TASK BRIEF ▸ Using the data below, return word for word every line from the one holding "Ginger and myself" down to the one holding "Preview: Vertical Shot". Leave pictures out.

DATASET CONTENT ▸
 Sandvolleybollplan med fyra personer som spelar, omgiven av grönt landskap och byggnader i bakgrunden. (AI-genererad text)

* * *

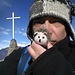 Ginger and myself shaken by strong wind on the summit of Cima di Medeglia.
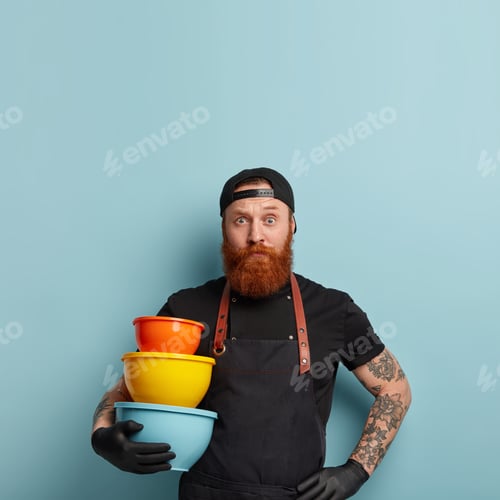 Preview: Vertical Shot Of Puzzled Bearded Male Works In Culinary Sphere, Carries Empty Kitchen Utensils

---

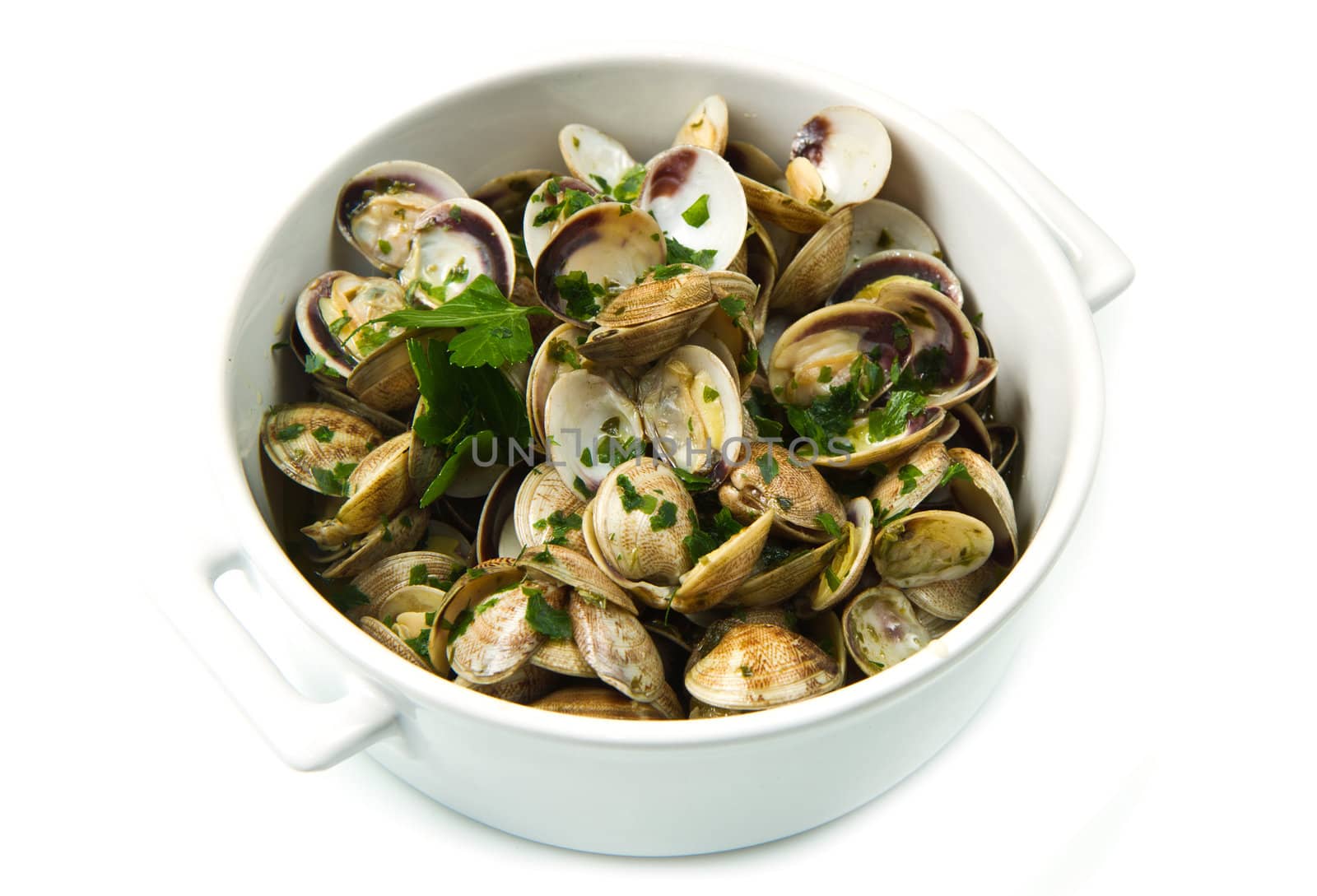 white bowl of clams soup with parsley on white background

YOUR RESPONSE ▸
 Ginger and myself shaken by strong wind on the summit of Cima di Medeglia.
 Preview: Vertical Shot Of Puzzled Bearded Male Works In Culinary Sphere, Carries Empty Kitchen Utensils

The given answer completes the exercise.